Methods: Immunologic markers of proliferation as well as cell lineage were assessed to characterize cardiac cell populations in right ventricular biopsies obtained from congenital cardiac surgery patients in the 1st month of life (17 patients; age 2 to 30 days).
Results: Expression of the proliferation marker Ki67 was highly variable but exhibited a trend toward a decline over the 1st month (p>0.05; ANOVA). Cells expressing the homeobox gene and putative MPC marker Isl1 were few in number, unevenly distributed, observed only in during the 1st week of life and, where found, co-localized with Nkx2-5 expression. In contrast, cells expressing the receptor for Stem Cell Factor and putative MPC marker, c-kit were more evenly distributed, found throughout the 1st month of life, and co-localized with the expression of the early cardiac marker, Mef2. Two populations showed a distinct progressive decline during the fist month of life: c-kit+ cell density fell 24-fold and Nkx2-5+ cells by 5-fold (both changes p<0.01; ANOVA).

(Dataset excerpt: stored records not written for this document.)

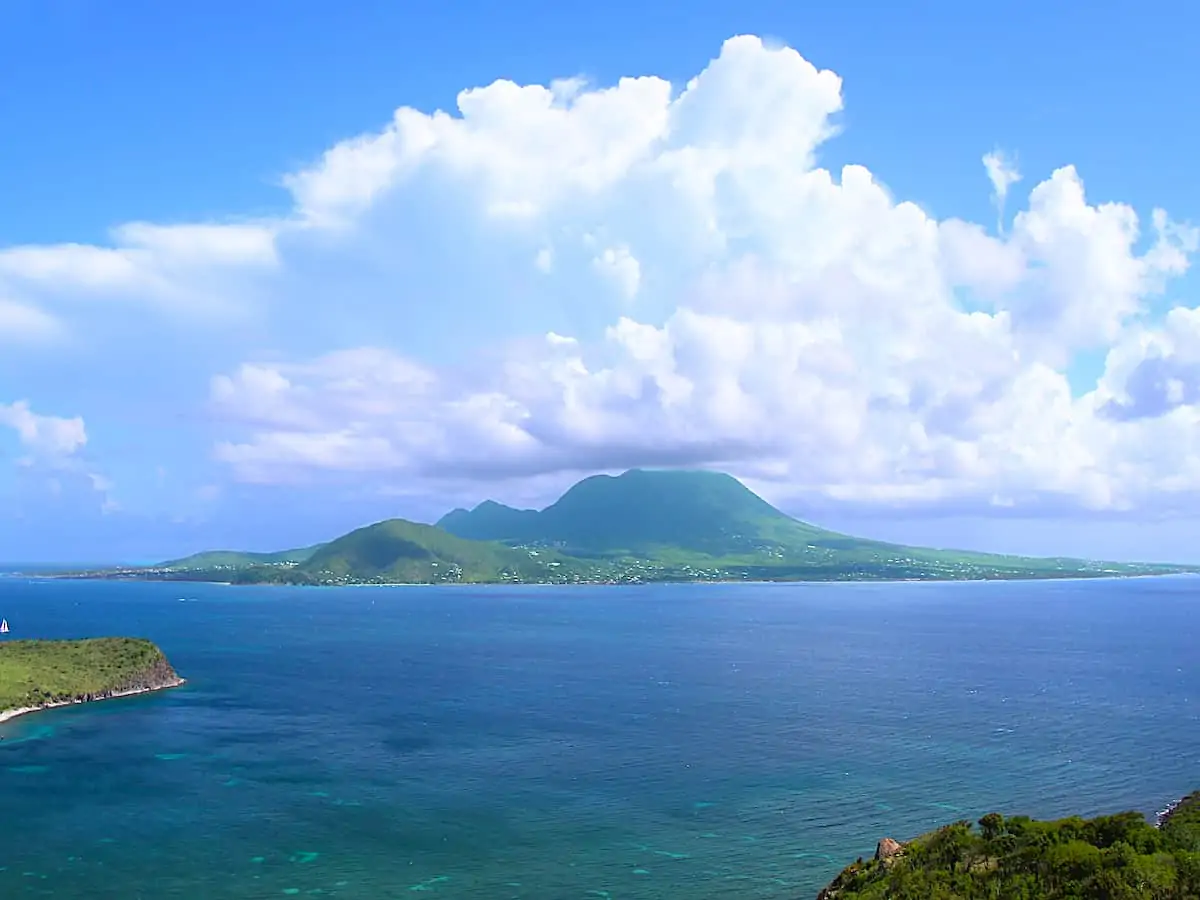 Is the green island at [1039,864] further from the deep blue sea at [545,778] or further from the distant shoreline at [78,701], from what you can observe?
the distant shoreline at [78,701]

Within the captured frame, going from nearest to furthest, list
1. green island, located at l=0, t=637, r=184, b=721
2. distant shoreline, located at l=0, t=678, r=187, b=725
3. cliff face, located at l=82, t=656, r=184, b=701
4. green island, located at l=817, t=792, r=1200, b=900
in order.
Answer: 1. green island, located at l=817, t=792, r=1200, b=900
2. distant shoreline, located at l=0, t=678, r=187, b=725
3. green island, located at l=0, t=637, r=184, b=721
4. cliff face, located at l=82, t=656, r=184, b=701

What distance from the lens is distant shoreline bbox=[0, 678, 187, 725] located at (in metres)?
129

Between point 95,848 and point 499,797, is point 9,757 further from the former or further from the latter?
point 499,797

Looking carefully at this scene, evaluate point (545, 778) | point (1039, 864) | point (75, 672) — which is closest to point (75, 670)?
point (75, 672)

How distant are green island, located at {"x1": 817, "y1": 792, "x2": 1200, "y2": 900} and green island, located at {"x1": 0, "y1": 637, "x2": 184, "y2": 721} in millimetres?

Conclusions: These studies demonstrate that cells in an incomplete state of cardiomyocyte differentiation continue to reside in the heart after birth, but their relative density declines steeply over the 1st month of life. Expansion of incompletely differentiated precursor cell populations may normally facilitate recovery from surgery or injury. Therapies that promote the expansion of precursor cell populations may prove to be a useful means to accelerate recovery from cardiac surgery. Their potential contribution may be even greater in the early newborn period, before these putative precursor populations decline.